You’re not funny, but even if you were

Here is a kind of humour that is all too common in scientific communication; I’ll just show you the caricature, and I think you’ll recognize the shape of it:

Some slogan about how a married man is a slave or a prisoner kneeling and holding a credit card. Some joke where the denouement relies on: the perception that blondes are dumb, male preference for breast size, perceived associations between promiscuity and nationality, or anything involving genital size. Pretty much any one-panel cartoon taken from the Internet.

Should you find any of this in your own talk, here is a message to you: That may be funny to you; that isn’t the problem. To a fair number of the people who are listening, it’s likely to be trite, sad and annoying.

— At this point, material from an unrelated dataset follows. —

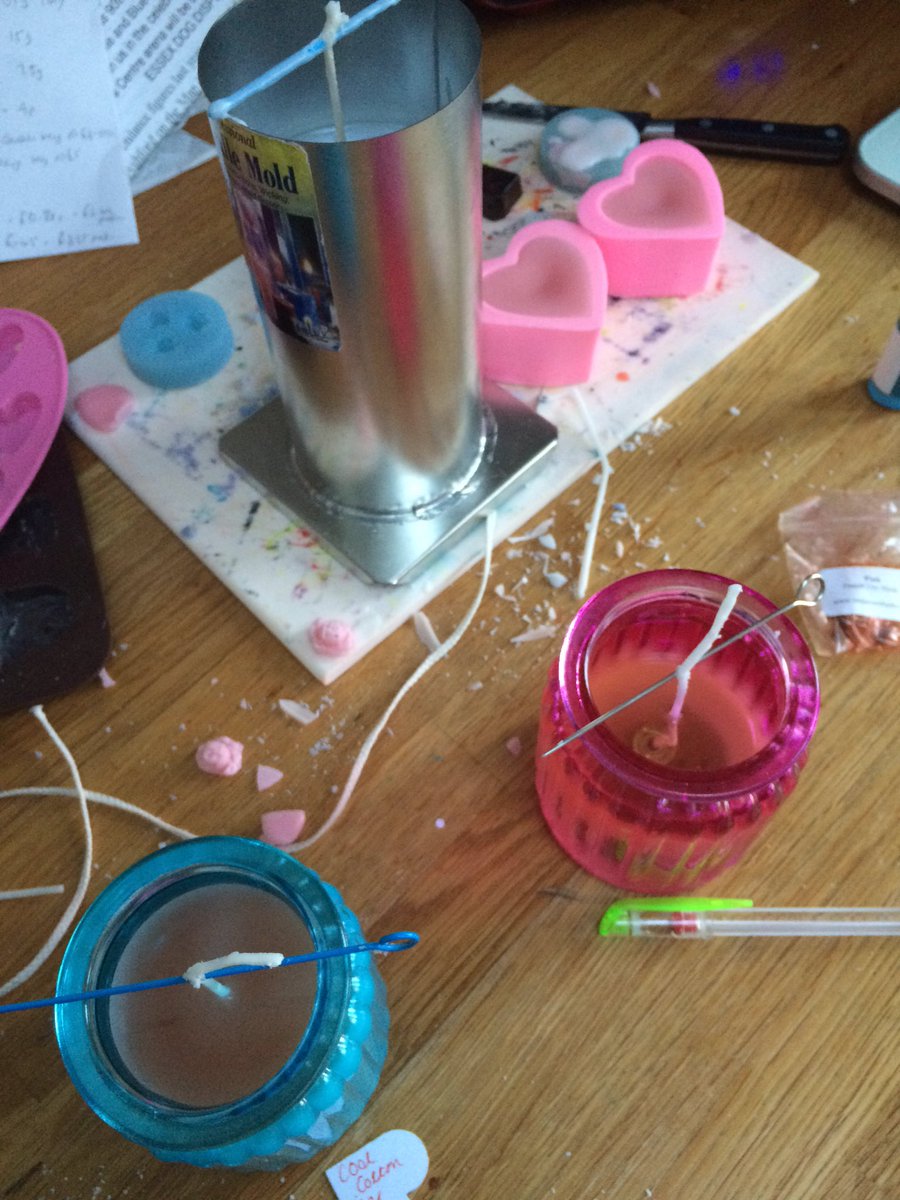 WhiteleyScent's tweet photo. So much going on...wax melts, pillar candles, retro sweet jar candles #naturallythebest https://t.co/1TzvzdapT3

Humour totally has a place in academic speech and writing—probably more than one place. There is the laughter that is there to relieve tension. That is okay sometimes. There are jokes that are obviously put-downs. Those are probably only a good idea in private company, or in public forums where the object of derision is powerful enough that you’re not punching down, but powerless enough to not punch you back. Say, the ever-revered and long dead founder of your field—they may deserve a potshot at their bad manners and despicable views on eugenics.

Then there is that elusive ‘sudden perception of the incongruity between a concept and the real objects which have been thought through it in some relation’ (Schopenhauer, quoted in Stanford Encyclopedia of Philosophy). When humour is used right, a serious lecturer talking about serious issues has all kinds of opportunities to amuse the listener with incongruities between the expectations and what they really are like. So please don’t reveal yourself to be predictably trite.